··· Records for this task ···

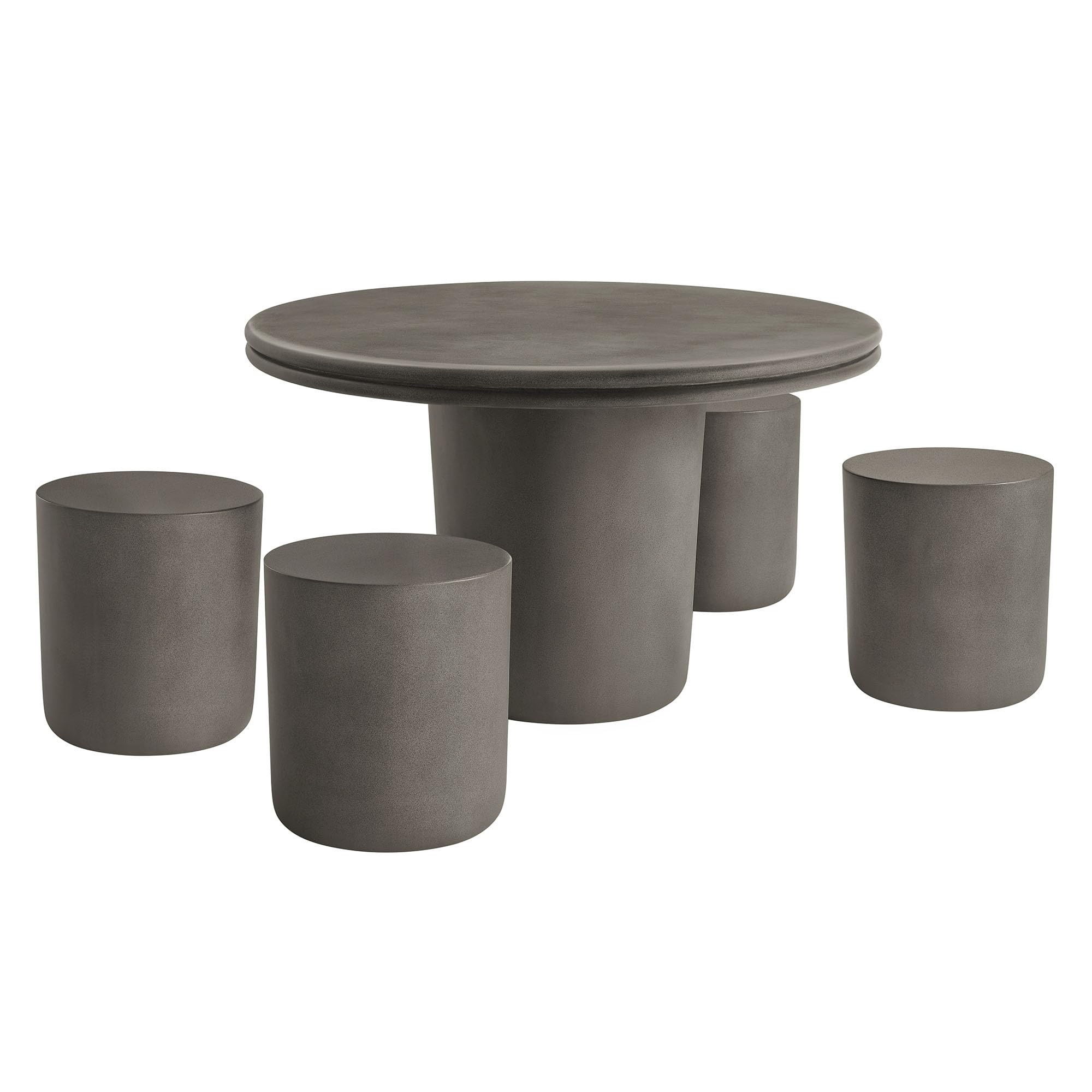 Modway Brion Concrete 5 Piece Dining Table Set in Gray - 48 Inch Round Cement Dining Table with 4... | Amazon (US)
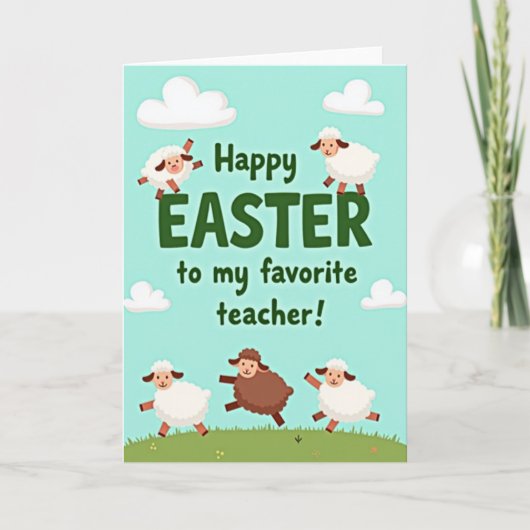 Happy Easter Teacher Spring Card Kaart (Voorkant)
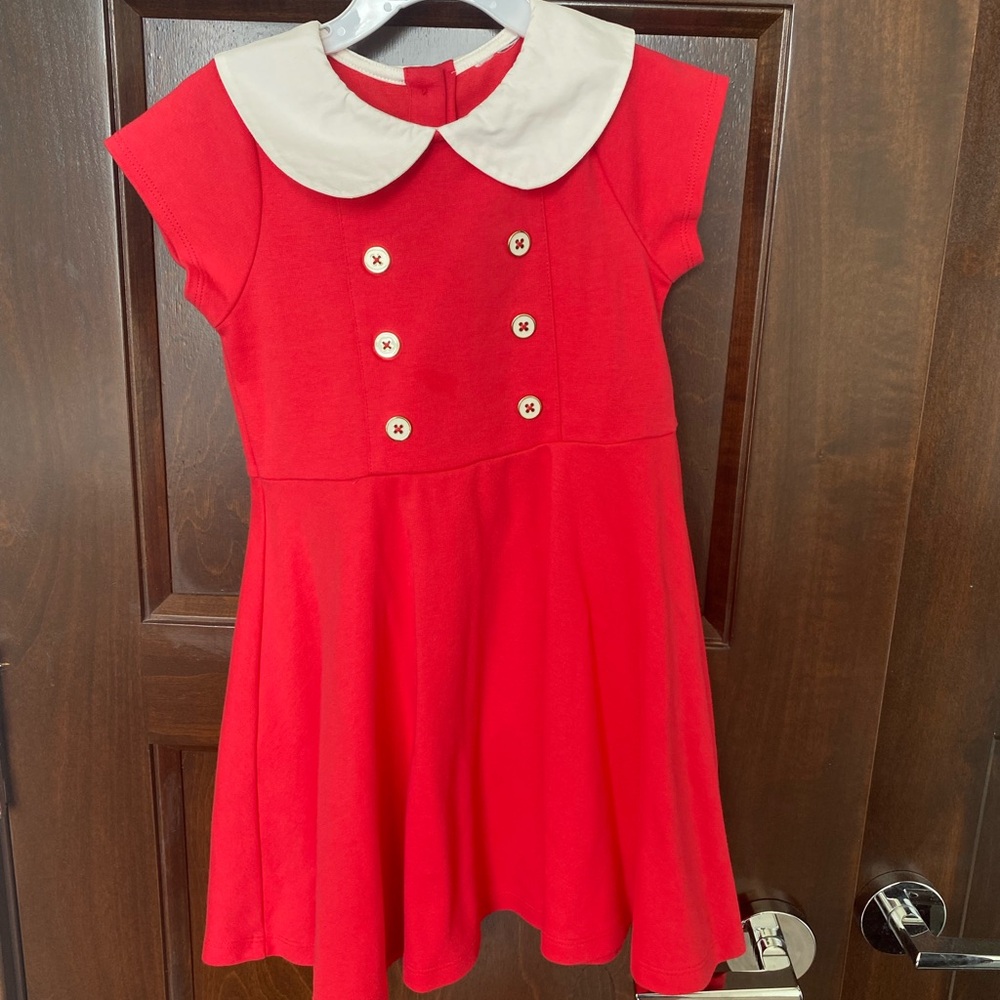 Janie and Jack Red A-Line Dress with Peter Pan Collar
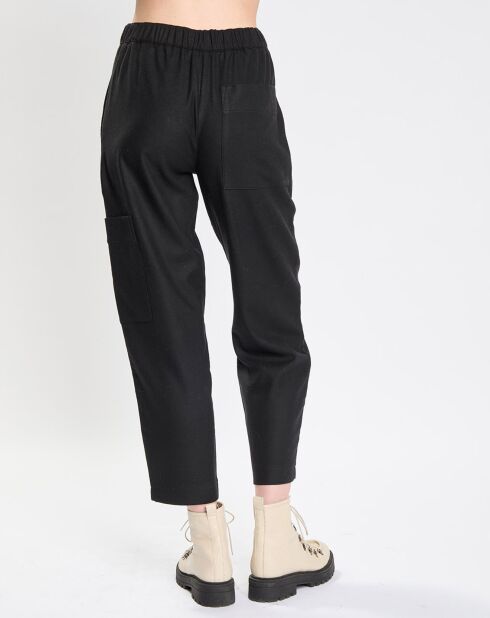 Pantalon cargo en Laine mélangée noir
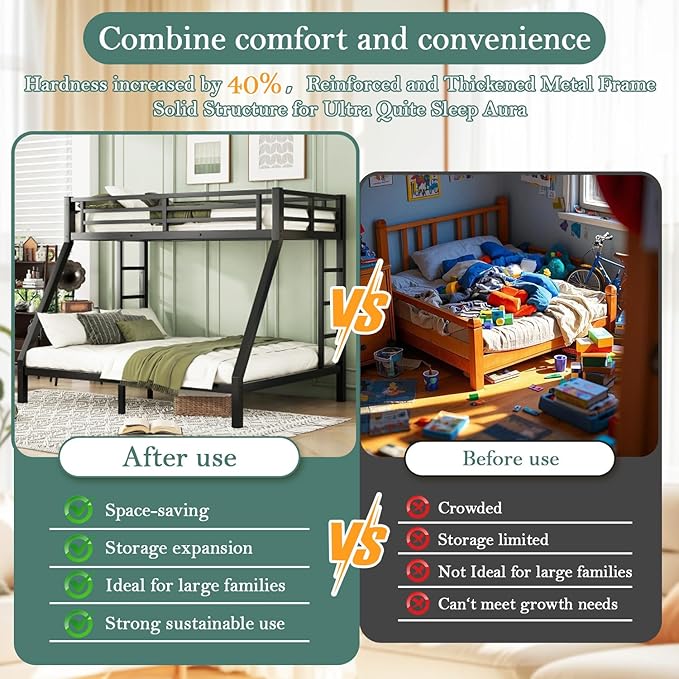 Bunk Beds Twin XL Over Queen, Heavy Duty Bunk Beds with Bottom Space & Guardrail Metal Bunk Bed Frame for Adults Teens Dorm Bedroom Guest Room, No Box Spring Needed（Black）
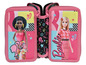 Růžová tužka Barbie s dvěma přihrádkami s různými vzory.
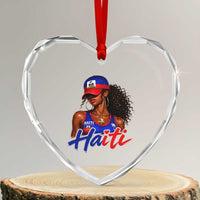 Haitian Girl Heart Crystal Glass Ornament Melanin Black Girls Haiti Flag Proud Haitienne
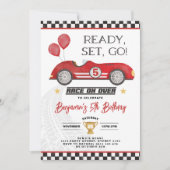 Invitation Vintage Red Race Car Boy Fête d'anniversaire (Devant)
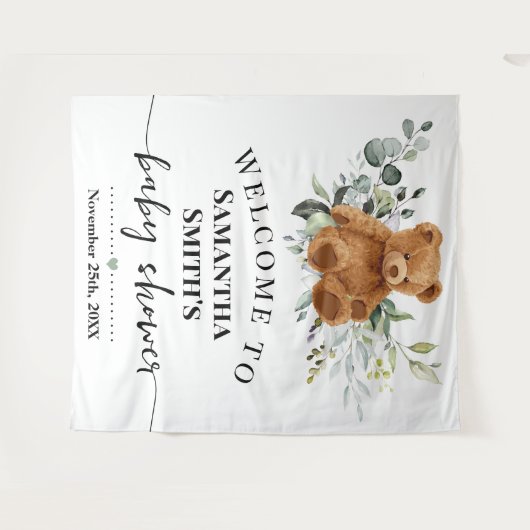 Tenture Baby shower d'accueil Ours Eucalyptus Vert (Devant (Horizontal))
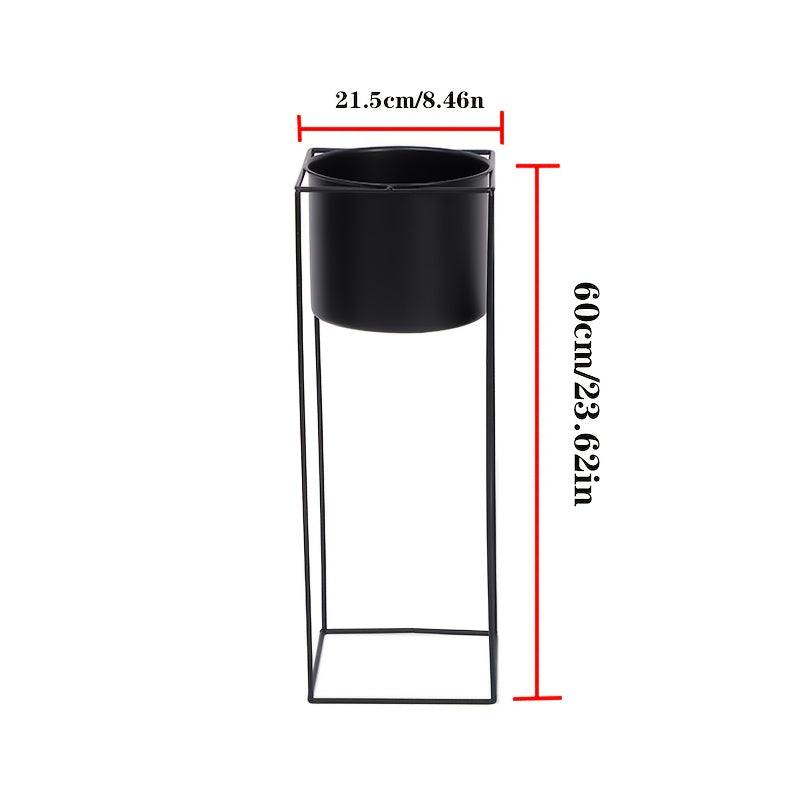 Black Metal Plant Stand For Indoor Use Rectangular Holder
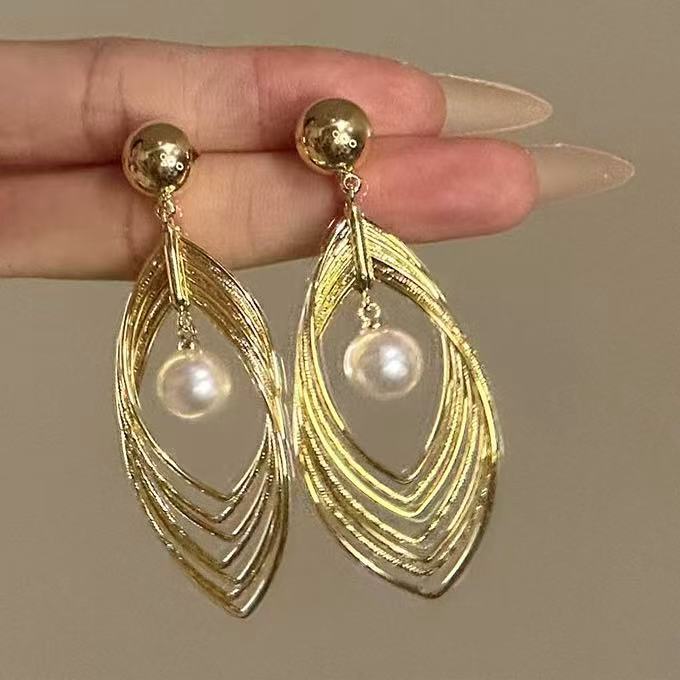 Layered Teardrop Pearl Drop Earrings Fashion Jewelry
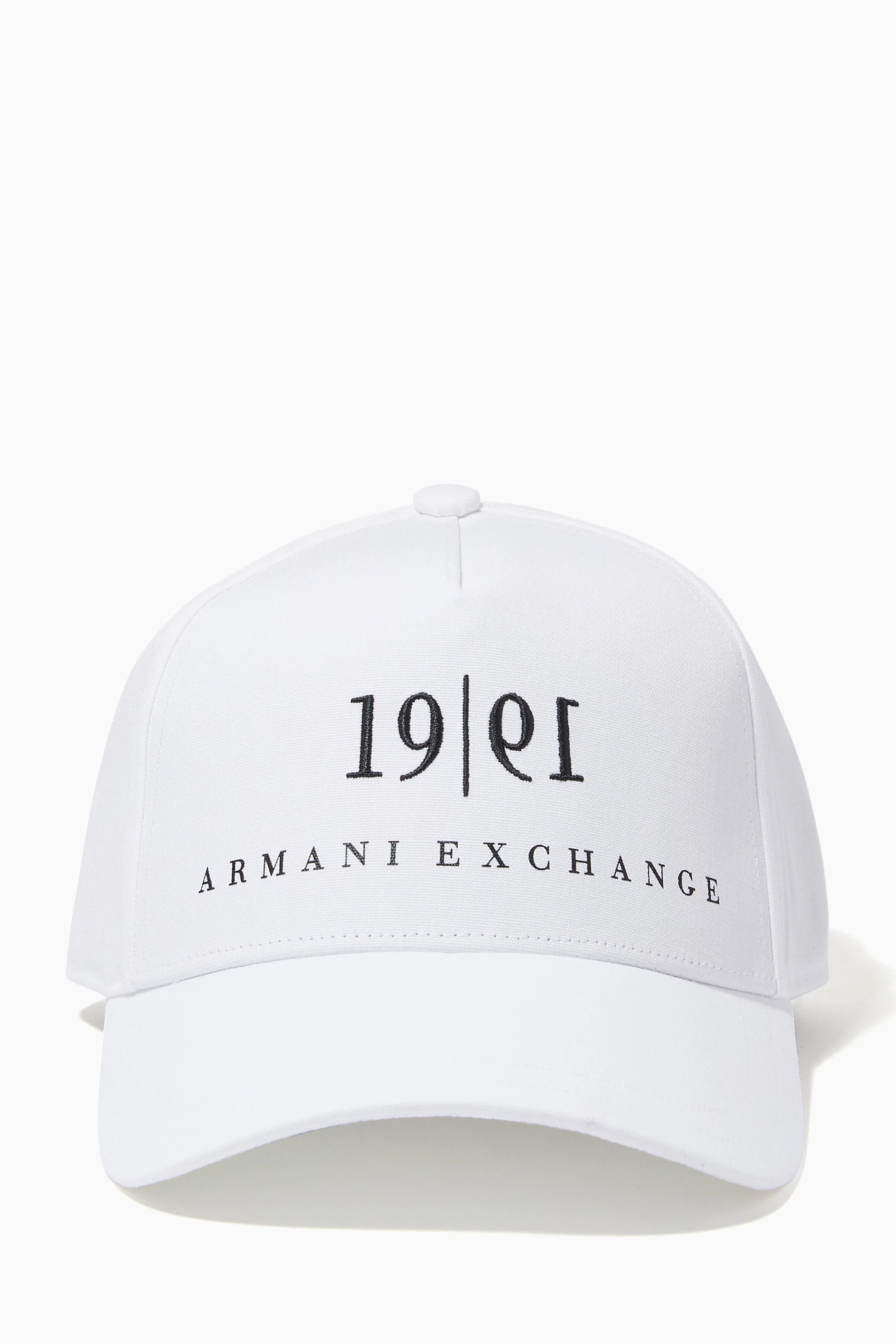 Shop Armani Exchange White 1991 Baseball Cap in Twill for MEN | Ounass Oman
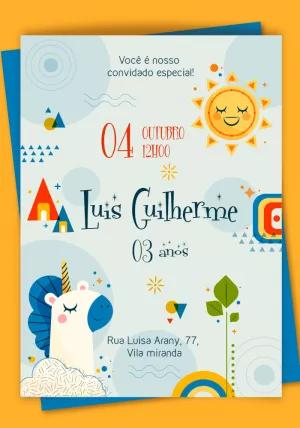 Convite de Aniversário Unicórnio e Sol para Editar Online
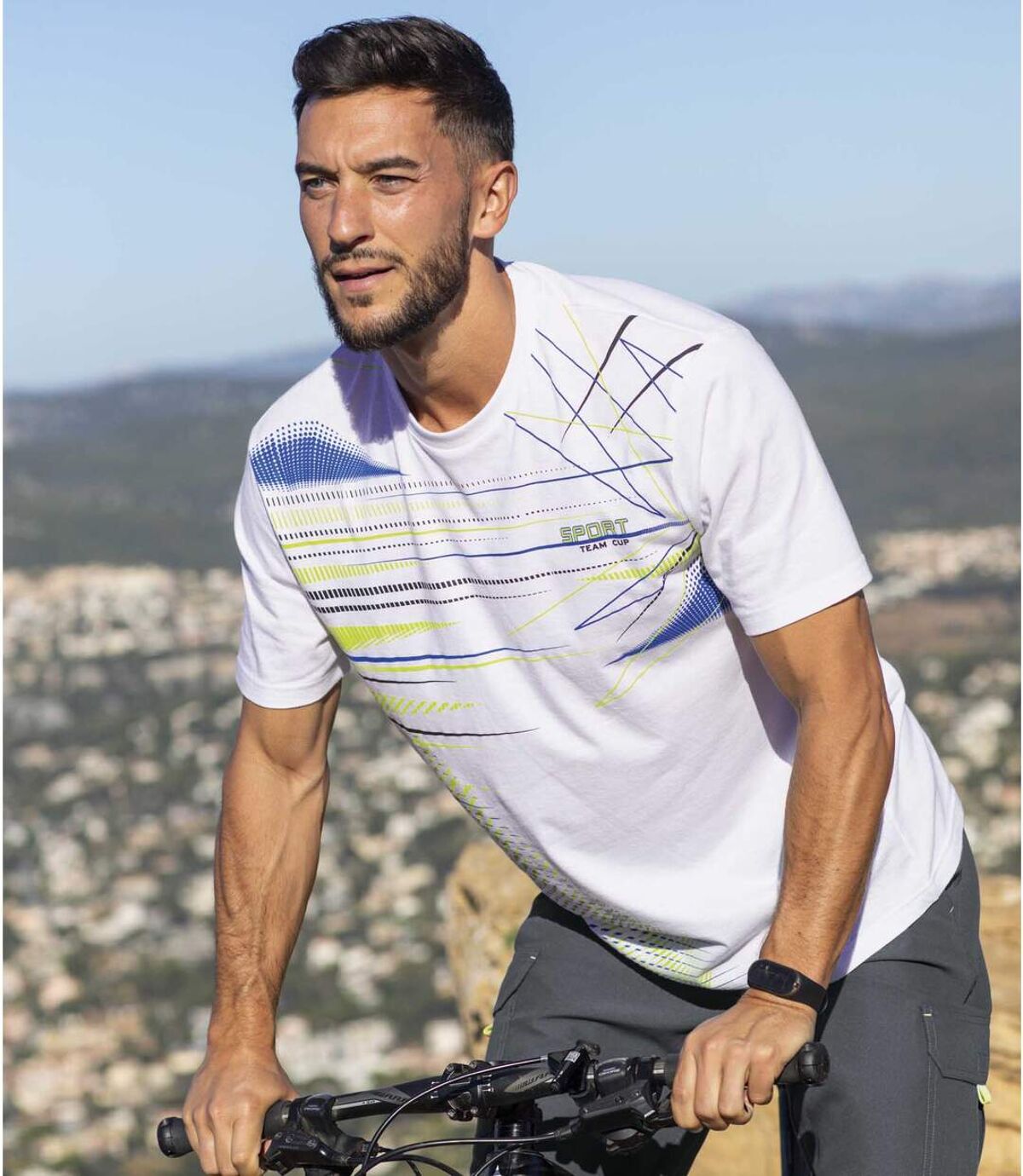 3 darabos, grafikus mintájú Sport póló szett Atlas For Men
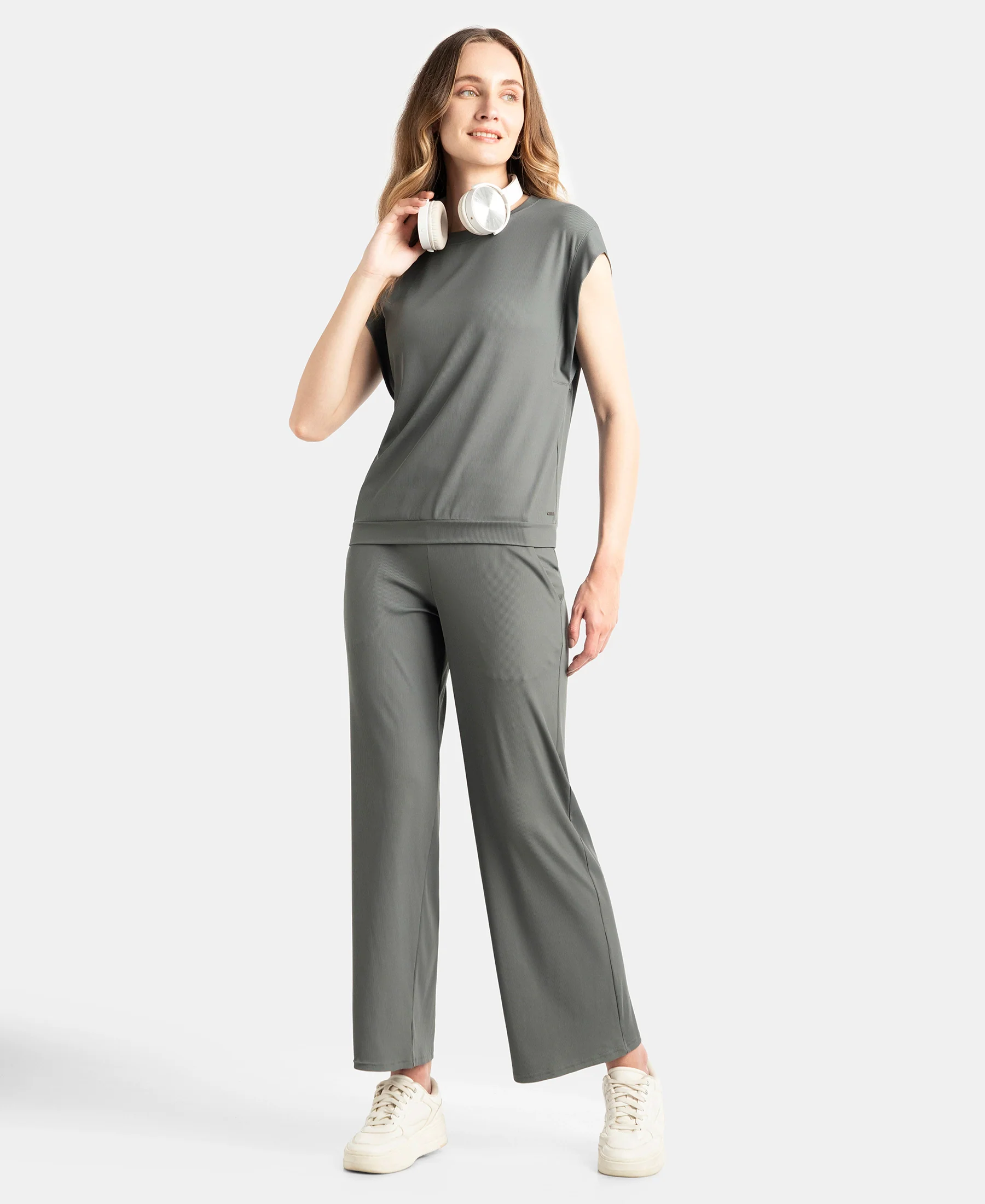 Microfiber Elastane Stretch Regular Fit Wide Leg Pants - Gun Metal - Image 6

···

_What is expected_
Begin with the line containing "Tenture Baby shower", stop at the last line of the records above, and copy every line in between exactly, both ends included, with no pictures.

_Written solution_
 Tenture Baby shower d'accueil Ours Eucalyptus Vert (Devant (Horizontal))
 Black Metal Plant Stand For Indoor Use Rectangular Holder
 Layered Teardrop Pearl Drop Earrings Fashion Jewelry
 Shop Armani Exchange White 1991 Baseball Cap in Twill for MEN | Ounass Oman
 Convite de Aniversário Unicórnio e Sol para Editar Online
 3 darabos, grafikus mintájú Sport póló szett Atlas For Men
 Microfiber Elastane Stretch Regular Fit Wide Leg Pants - Gun Metal - Image 6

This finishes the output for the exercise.